Breast Intervention Basics
Finding a subtle, subcentimeter area of architectural distortion on a screening mammogram can feel really good.
But oftentimes, the sense of accomplishment gives way to a sense of dread as you realize you now have to figure out how to sample this lesion.
The vast majority of breast biopsies performed today are percutaneous core biopsies. These quick, safe and accurate procedures have nearly completely replaced open surgical biopsies or Fine-Needle Aspirations (FNA). While the procedures are relatively simple, there are a few places where you can get tripped up if you are not paying attention.
Biopsy Needle Options
Breast core biopsy needles come in a variety of sizes. Needle size is measured in gauge (thickness) and length. In general, the most common length of biopsy needles are either 10cm or 16cm. The more important measurement is the thickness or gauge of the needle.

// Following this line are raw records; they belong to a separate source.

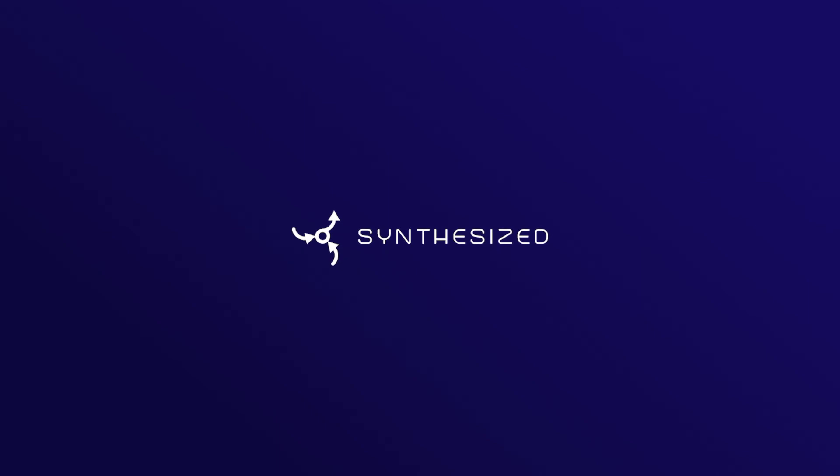To learn more, check out our full demo video at synthesized.io/demo.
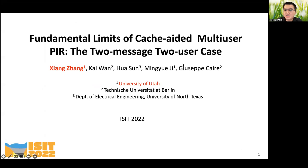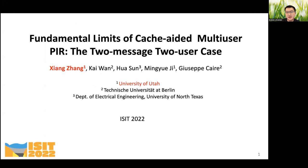Hello, my name is Xiang Zhang. I'm a PhD student from the University of Utah. Today I will be talking about our research on cache-aided multi-user private information retrieval. Specifically, I'll talk about our ISIT paper this year called 'Fundamental Limits of Cache-Aided Multi-User PIR: The Two-Message Two-User Case.'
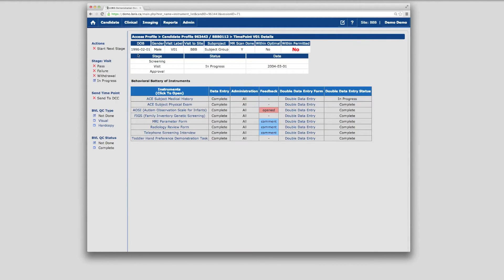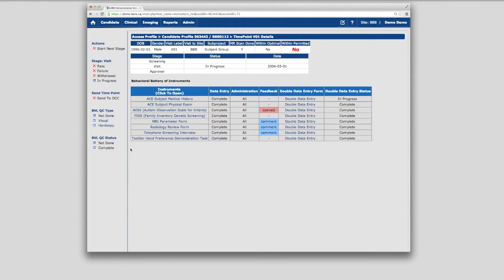Demographic information and other metadata is displayed at the top of the page, and tracks the flow of subject data through the study stages from screening to visit to approval. There are flags in the left-hand column used to indicate time point status and quality control steps applied to this time point.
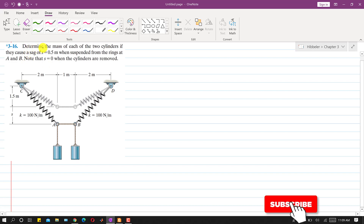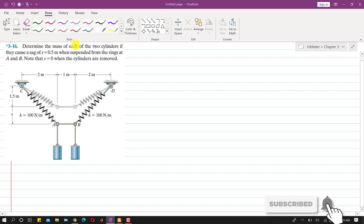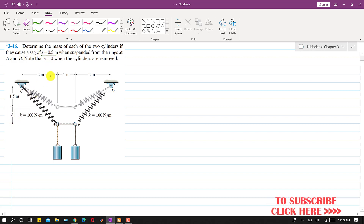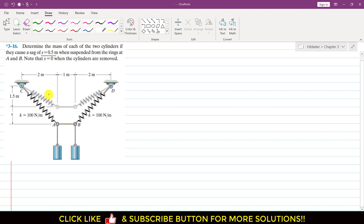In this problem, it is required to find the mass of each of the two cylinders if they cause a sag of 0.5 meters when suspended from the rings at A and B. Note that S equals 0 when the cylinders are removed, so this is the unstretched position and this is the stretched position. We are given the forces in both springs, and both springs are similar with a stiffness of 100 N/m. All dimensions are also symmetrical about the vertical line, so everything is symmetric.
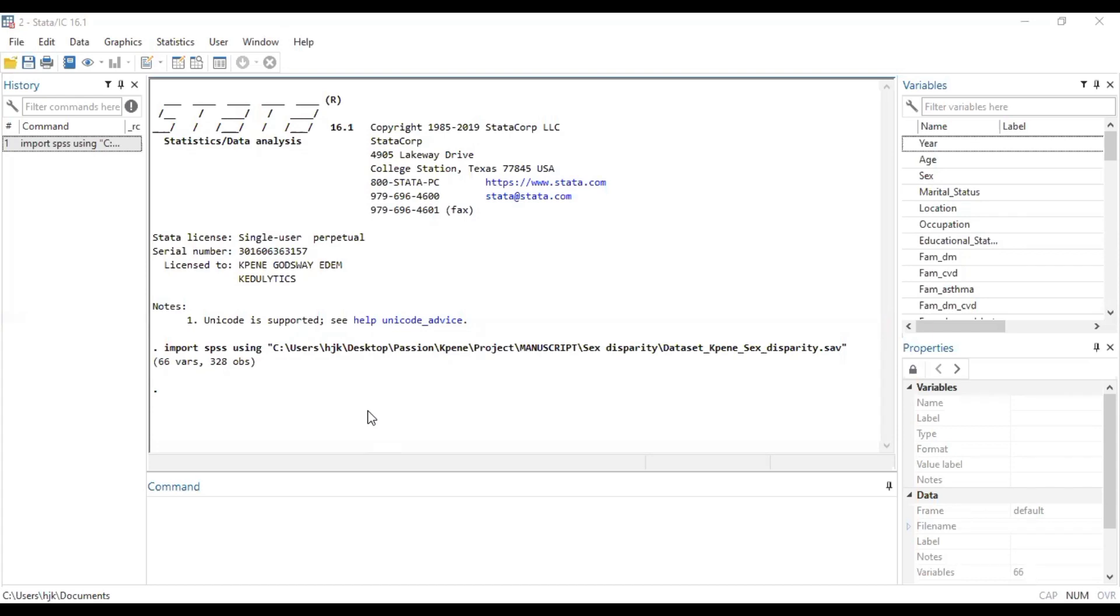So far we have discussed in our previous videos binary logistic regression, ordinary logistic regression analysis, and today we'll be looking at a third type of logistic regression called the multinomial logistic regression.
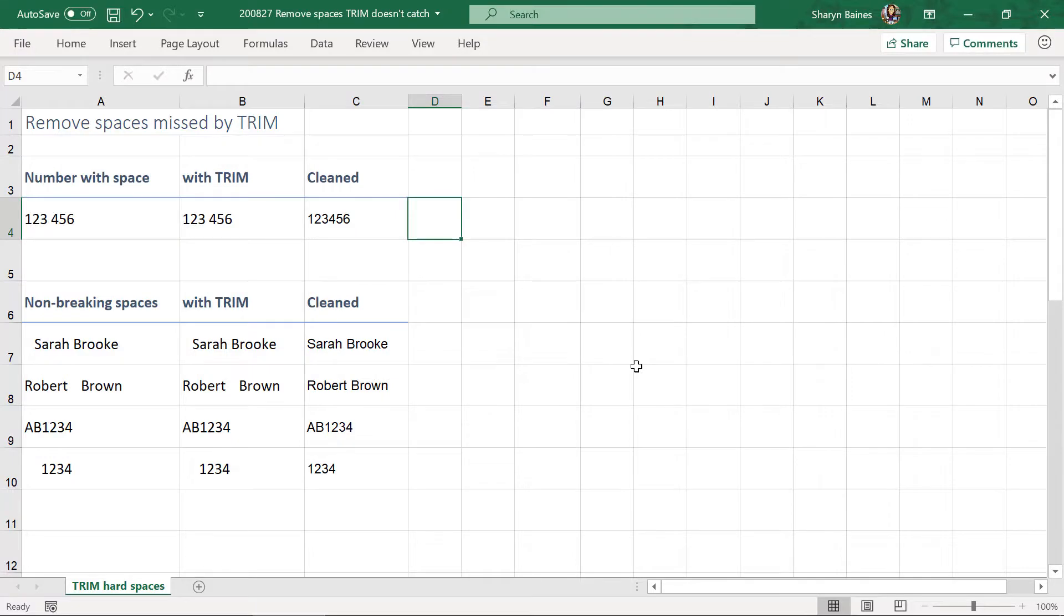Right let's get rid of those stubborn spaces. There's no doubt that the TRIM function is fabulous but sometimes it just doesn't work for you. So I've got a couple of examples here and I want to take you through them.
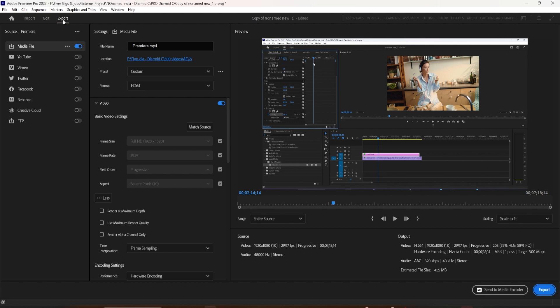So if you're working on multiple sequences or multiple compositions inside After Effects, you can load up the queue in Media Encoder and it doesn't affect your workflow at all.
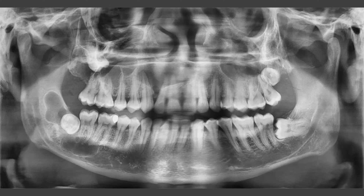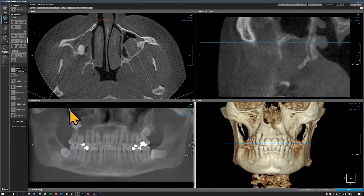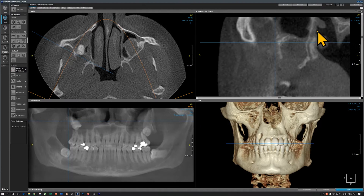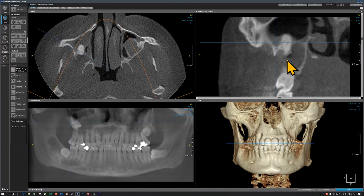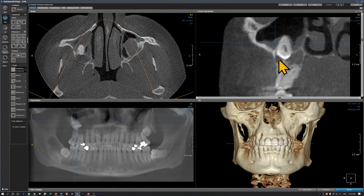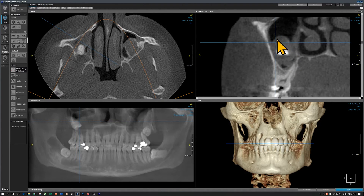Let's go to the CBCT scan. I'm using on-demand 3D software. This blue vertical line represents the image on this screen. I'm on the distal aspect of the maxillary right third molar and you can see the odontogenic keratocyst. I'm going to scroll through this very slowly. Coming mesially, this is the third molar and you can see the odontogenic keratocyst. The third molar crown is superior to the root of the second molar, and here is the odontogenic keratocyst extending into the maxillary sinus.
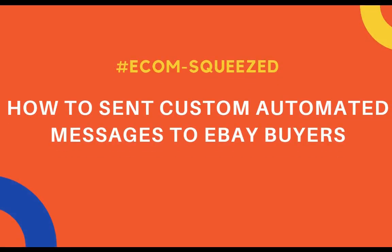Hello, welcome to Retail Outsource. In this video I'm going to show you how to send custom messages to your eBay buyers. This can be automated as well, so I will walk you through how to do it.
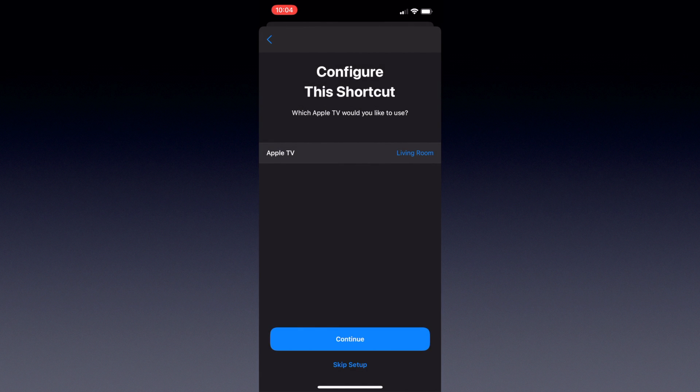However, if you'd rather it ask you every time which TV you want to use this command on, then hit Skip at the bottom. Otherwise hit Continue.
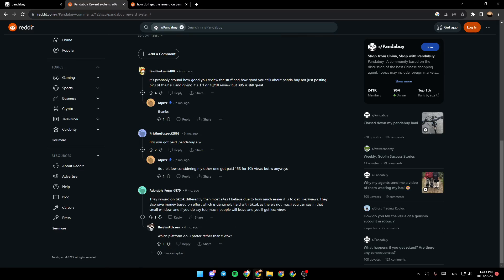As you can see, this guy answered him. The reward on TikTok is different than most sites, I believe, due to how much easier it is to get likes and views. They also give money based on effort, which is genuinely hard with TikTok as there is not much you can say in that small window. And if you do say too much, people will leave and you'll get less views.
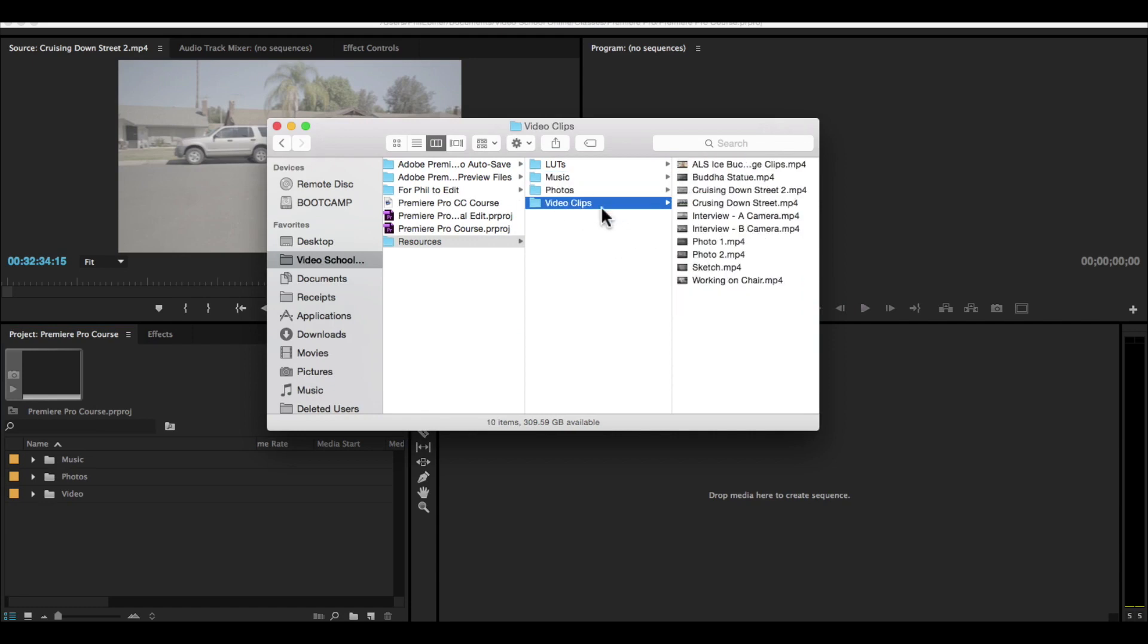And usually this is just called video actually. But I titled it video clips for this folder. And that's how I keep the structure of my project file in my project of Premiere Pro.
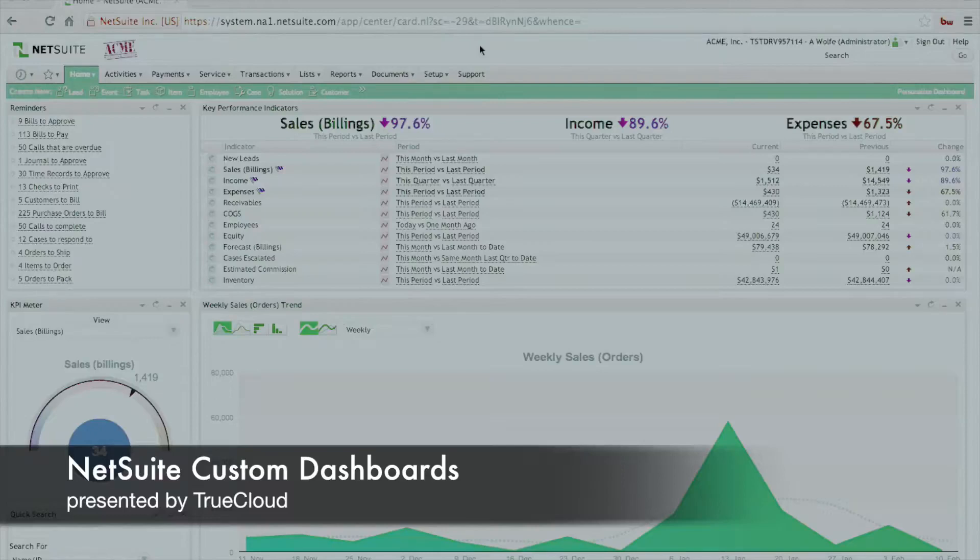This might be particularly useful if you've run out of screen real estate or, for example, you wanted to add additional dashboards for various departments.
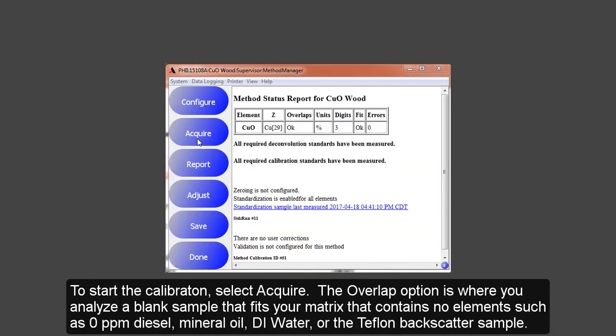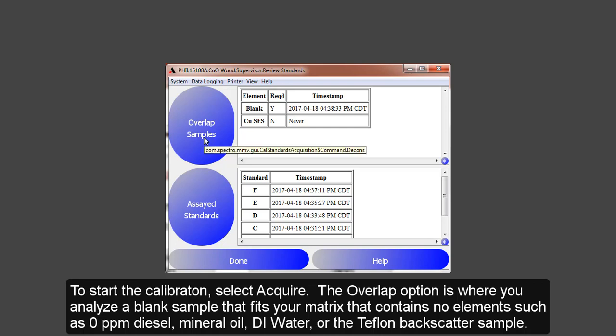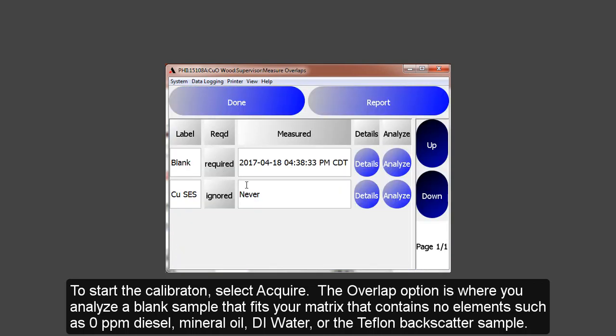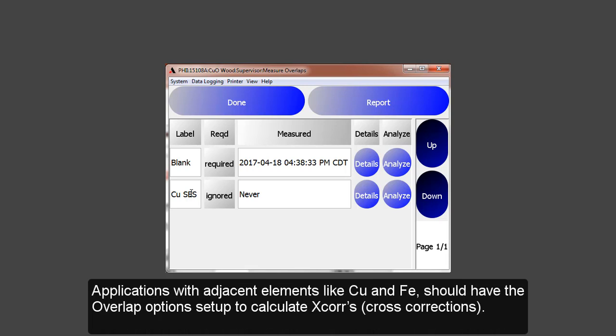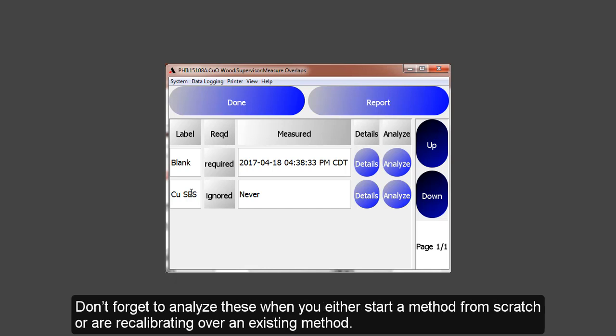To start the calibration, select Acquire. The Overlap Samples option is where you analyze a blank sample that fits your matrix that contains no elements, such as a blank or 0 ppm diesel, mineral oil, DI water, the Teflon backscatter, or the polyethylene backscatter. The SES refers to the single element sample. For a single element application, this sample does not have to be analyzed, or in applications where the element energies do not overlap, like sulfur and vanadium. Applications with adjacent elements, like copper and iron, should have the overlap options set up to calculate under the cross-corrections. Don't forget to analyze these when you either start a method from scratch or recalibrating over an existing method.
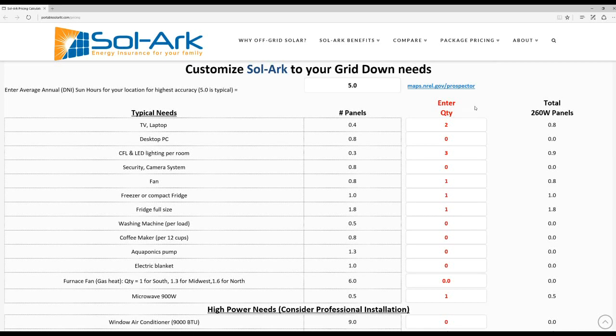Hello and welcome to the Sol-Ark Customization Tool. This tool allows you to build a system that best fits your needs. Here on the left we have a list of items that typically require power in the scenario where the grid is down or not available.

Smaller gauge = larger outer diameter (bigger needle & more tissue acquired)
Larger gauge = smaller outer diameter (smaller needle & less tissue acquired)
The most common needle gauges used in the breast vary depending on the type of biopsy. Ultrasound core biopsies typically use a 14g or 12g needle. Stereotactic core biopsies typically use larger needles such as 7g, 9g or 12g. MRI biopsies usually use 9g or 12g needles as well.
Type of Breast Biopsy Guidance
Core biopsies of the breast can be performed using ultrasound, mammographic, or MRI guidance. In general, the modality on which you can see the lesion best is the optimal way to perform the procedure. That being said, ultrasound core biopsies are the quickest and most cost effective type of breast intervention and should be your first choice if at all possible.